EHTER Graduate Responds to Birmingham Tornado
From April 25-28, 2011, violent storms spawned tornadoes across the southeastern United States, hitting Alabama, Georgia, Mississippi, and Tennessee the hardest. The April 27 tornado that leveled parts of Tuscaloosa, AL (see EHTER Preparation Comes in Handy in Alabama Tornado Response) was one of several that hit the state. Communities near Birmingham in Jefferson County were also devastated. Fortunately, Haskey Bryant, a 2010 graduate of CDC’s Environmental Health Training in Emergency Response (EHTER), was well-prepared to respond to the tornadoes in the Birmingham area.
Food Inspection Essential in Emergency Response
One of Bryant’s main responsibilities as an environmental health emergency responder was to assess, inspect, and advise food establishments in the stricken areas. In every emergency, food sources are essential, both for survivors who have lost their homes and for responders who are out in the field. But following disasters, food establishments frequently are damaged. Electric power is out, sometimes for days or even weeks, affecting food storage and cooking. Because water treatment plants also run on electricity, the water supply may be affected as well.
The day after the tornado, Bryant and her team went to disaster areas to check restaurants and other food establishments such as school cafeterias to determine how long their power had been out and what had been done with the food since that time.

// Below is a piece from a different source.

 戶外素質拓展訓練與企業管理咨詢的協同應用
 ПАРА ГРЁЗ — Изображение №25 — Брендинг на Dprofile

When her team arrived in Pleasant Grove, a community west of Birmingham, Bryant says, “As far as you could see, Pleasant Grove was wiped out. Whole neighborhoods were completely gone.” But safe food was available from professional charitable organizations that brought feeding stations housed in 18-wheelers. These mass feeding shelters were professionally equipped with stoves, refrigeration, and water to meet the requirements of the health department, and the volunteers were trained in food safety procedures.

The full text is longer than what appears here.